Topic on Project:Support desk/Flow

DynamicPageList and Categories

5 comments • 14:52, 1 December 2022 2 years ago

5

Summary by HirnSpuk

Problems of Extension:DynamicPageList (Wikimedia) are discussed (compare phab:T287380). The extension might cause trouble when intersecting large categories. The pure listing of categories is fine. An example is used to illustrate this and is explained in some depth.

The limits of Categories are discussed. w:en:Category:Overpopulated categories exist in terms of usability not of physical limitations.

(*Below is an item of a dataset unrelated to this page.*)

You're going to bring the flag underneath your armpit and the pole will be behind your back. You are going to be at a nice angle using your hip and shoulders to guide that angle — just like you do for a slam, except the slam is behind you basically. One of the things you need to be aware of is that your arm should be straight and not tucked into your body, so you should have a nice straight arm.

HirnSpuk (talk) 14:51, 1 December 2022 (UTC)

HirnSpuk (talkcontribs)

Hello, due to a lack of community-Contributors (content is more or less fine) I would have liked to work on some automatic structuring-"tools" based on categories and DPL on dewikibooks. Now I read, DPL has problems (and possibly might be abandoned in the future? Compare phab:T287380) and I found w:en:Category:Overpopulated_categories . So I'm worried, if my ideas will be feasible at all.

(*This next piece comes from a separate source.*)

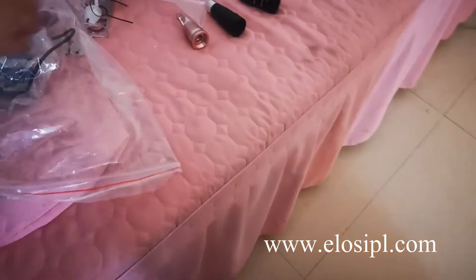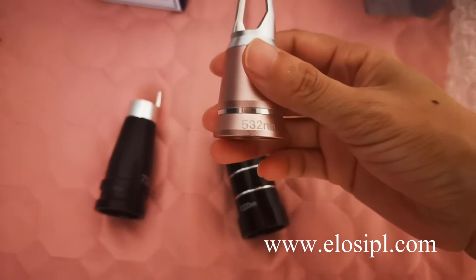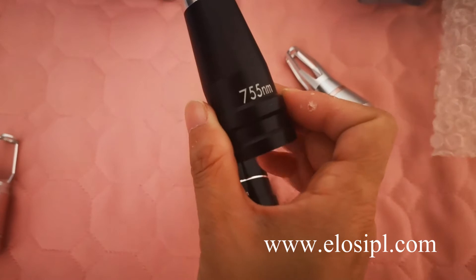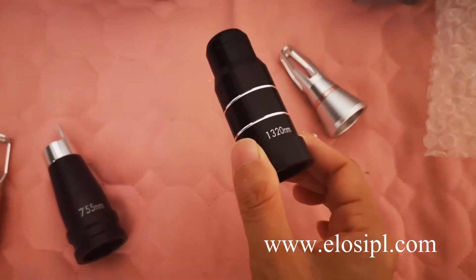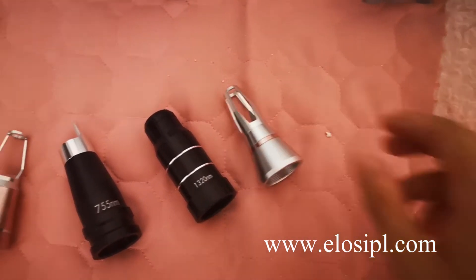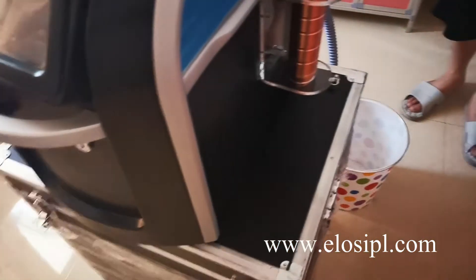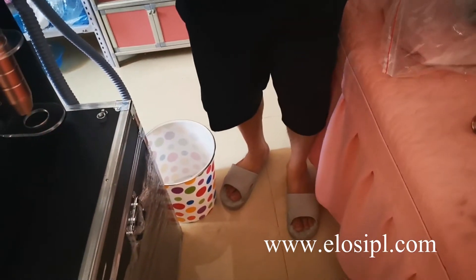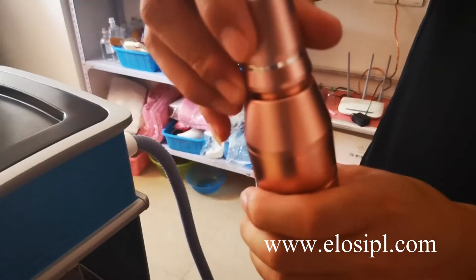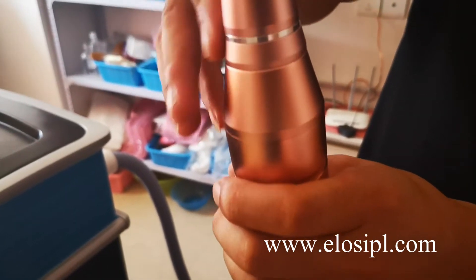The laser handle has 4 treatment heads: the 532 nm treatment head, the 755 nm treatment head, the 1,320 nm head, and the 1,064 nm head. Insert the treatment head into the handle.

What I would like to do: via categorization of pages sort the structure of Wikibooks more or less automatically, so that content contributors need only to worry about categorization and not editing community-pages. Hence less edits, less errors, less archive-work. To do this and to have some kind of control of the visual representation I would have liked to use DPL. Because of the above mentioned problem I don't think this might be a good idea. Now, if I discard the idea of having some kind of control on the visual representation, I could use category-pages itself. But if those are limited in some way it might be a bad idea for the future. Not that I expect to run into problems in the near future, but there might come the time, when somebody will. Restructuring then might become a pretty big task. So, if my ideas do not have any structural benefit for the future (aka "exploding" categories instead of "exploding" other pages) it might be a good idea to retire the idea and think about something else.

So two short questions:

can someone elaborate in short where the problem is with dpl, because I'm not quite sure if I understand it correctly? And as a follow up: Would you recommend not using it? The answer here is probably not really crucial, because I already think it's a good idea not to use it extensively. But any explanation here will be highliy appreciated.
is there a physical limit on how many pages a category can contain, and if so, which is it and where can I read up on this topic?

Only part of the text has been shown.